All features of Christian eschatology that differ from Jewish apocalypticism are related to the experience of Christ. Although there is a variety of sometimes contradictory meanings of the word "Christ" already to be found in the New Testament, they all agree on one point: the presence of Christ among sinful mankind moderates the sharp distinction between this world and the Beyond. Christ answers the Pharisees, a Jewish group of apocalyptic intellectuals, who were waiting for dawn of the new eon: "The kingdom of God is not coming with signs to be observed; nor will they say, 'Lo, here it is!' or 'There!' for behold, the kingdom of God is in the midst of you" (Luke 17:20–21).
According to Christian experience, the presence of the Savior introduces an anticipation of the Beyond; it signifies a breakthrough of the future into the present. The eschata, the resurrection of the dead, the last judgment, and the creation of the new world, are therefore the completion of a process already started by Christ in this world.
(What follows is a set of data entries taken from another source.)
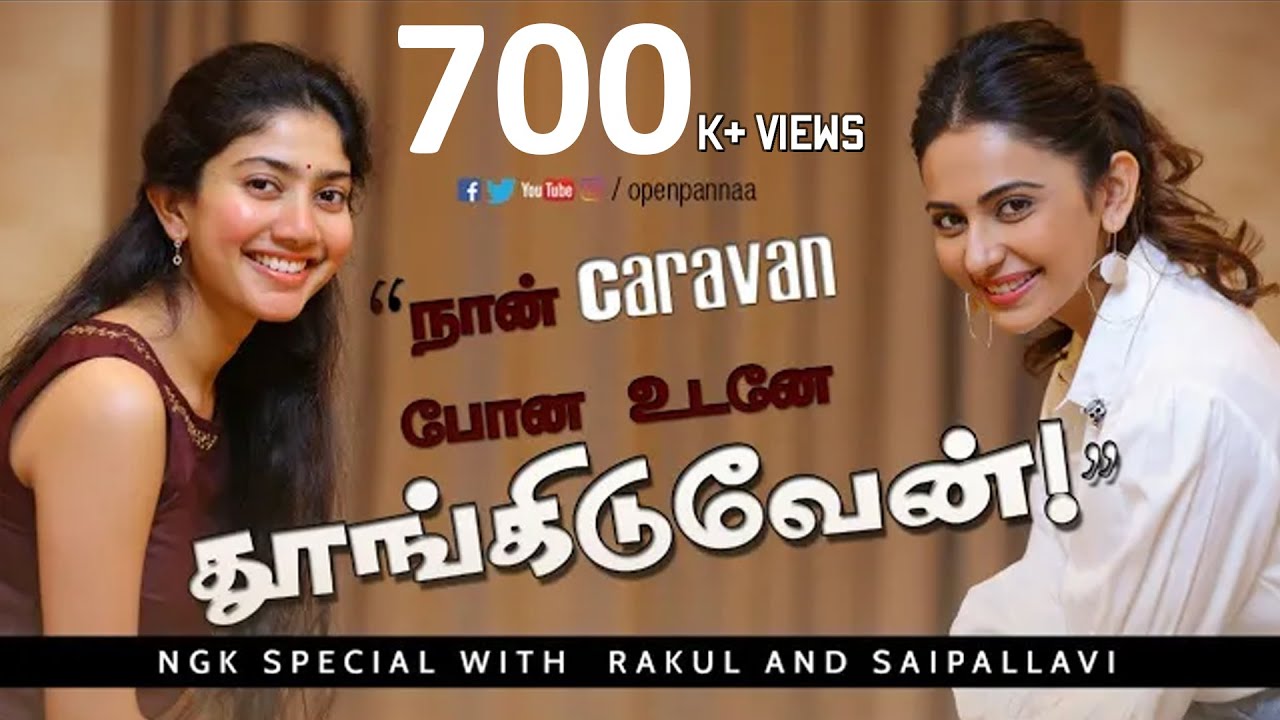 ‘‘நான் caravan போன உடனே தூங்கிடுவேன்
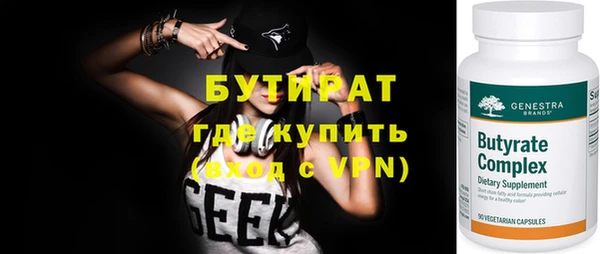 кокс Балабаново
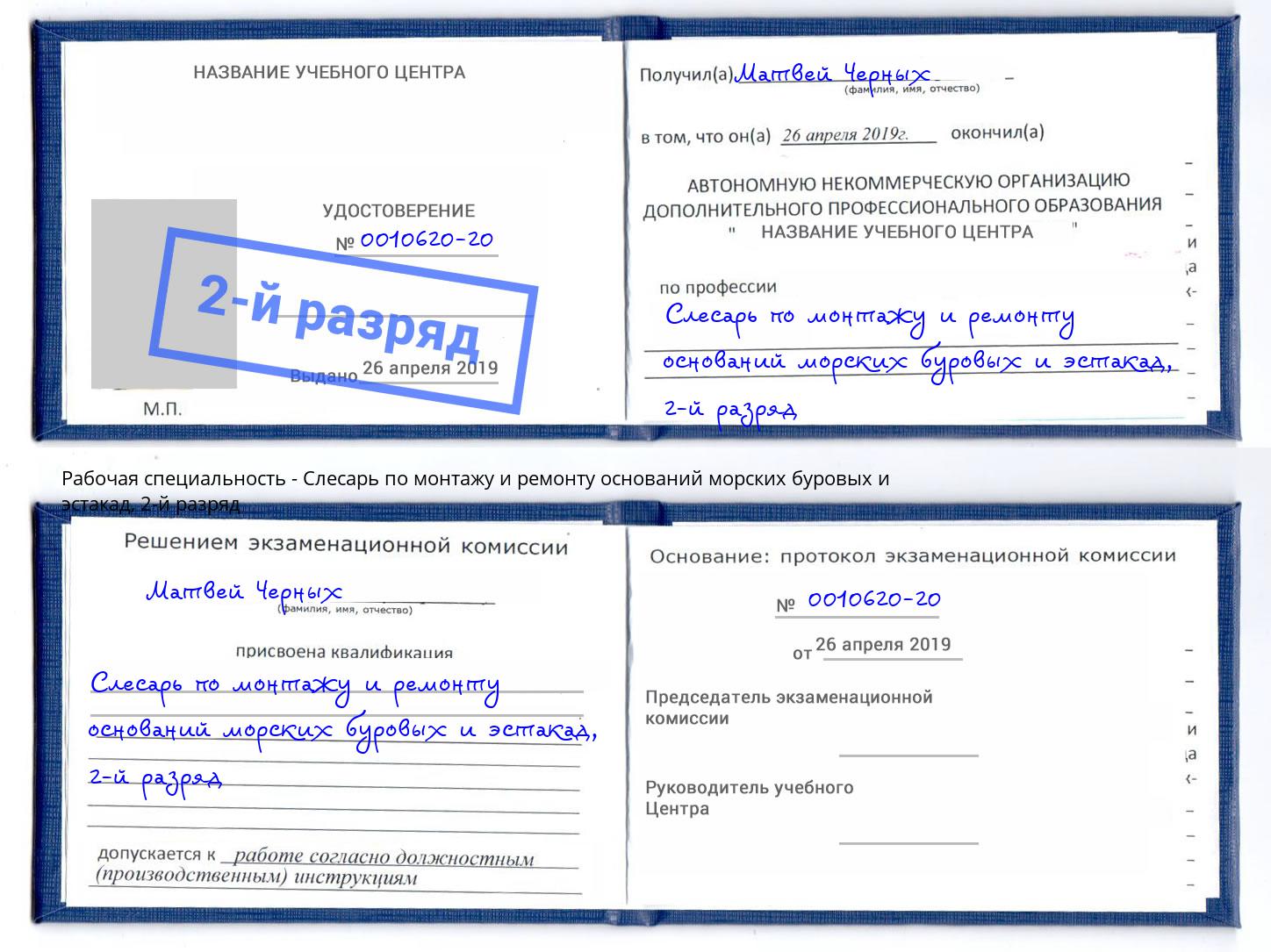 корочка 2-й разряд Слесарь по монтажу и ремонту оснований морских буровых и эстакад Сызрань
Pauline and Augustinian Contributions
The most influential interpretation of the experience of Christ was given by the Apostle Paul. He preached that Christ's incarnation, passion, and crucifixion redeem from sin anyone who becomes a member of the church (ekklesia ), the mystical body of Christ. Paul's concept of the church points to two specific features of Christian eschatology. First, collectivity: The eschaton is not a personal event. Salvation from death is available only for the members of Christ's mystical body. On judgment day, the dead members of the church will be resurrected and unite with the living to form a single community of salvation (1 Thess. 4:13–17). Throughout Christian history, Hellenist-influenced theologians challenged Paul's collective eschatology by emphasizing the individual ascent of the immortal soul. They could justify their view with some quotations from the Gospels. Paul, however, clearly rejects the idea of the soul's solitary ascent and insists on the resurrection of the spiritually transformed body. Second, processuality: in this world the church already collects all the citizens who will establish the heavenly citizenship (politeuma ) of the Beyond (Phil. 3:20). Therefore the creation of a new world is not a single event at the end of history but can be observed now in the church (2 Cor. 5:17). The establishment and growth of the church already belongs to the eschata. Christian existence is an eschatological existence between "already now" and "not yet." The Holy Spirit transforms the "inward man" of the members of the church, but a purely spiritual existence will be achieved only in the Beyond, after the "outward man," the carnal and mortal body, has died (2 Cor. 4:16, 5:6; Phil. 3:21).
The Gospels and the letters of Paul show that the early Christians awaited the final events in the imminent future. Yet the church became a historical reality and, after the Roman emperors turned to Christianity, a powerful institution in this world. This new experience led to two different variations of Christian eschatology. First, theologians such as Eusebius of Caesarea (c. 263–c. 339) worked out an imperial eschatology. The basic dogma was that God chose the Roman Empire to spread Christianity all over the world. Church and empire seemed to melt together under the rulership of the Constantinian dynasty. According to Eusebius, the Roman emperors succeeded Christ to fulfill the divine plan on earth; and at the end of history, Christ would return and succeed the emperors. The eschaton, the kingdom of God, appears as the perfection of the Roman Empire. Second, other Christians returned to apocalypticism and insisted that only the just ones who did not collaborate with the worldly powers would be saved. The chiliasts, who also appeared in later epochs of Christian history, believed that Christ would return in the near future and, after the destruction of all worldly empires, would establish a kingdom lasting a thousand (Greek: chilia ) years. The Revelation of John, which was incorporated into the canon of the New Testament, seemed to confirm their view (cf. Rev. 20:4).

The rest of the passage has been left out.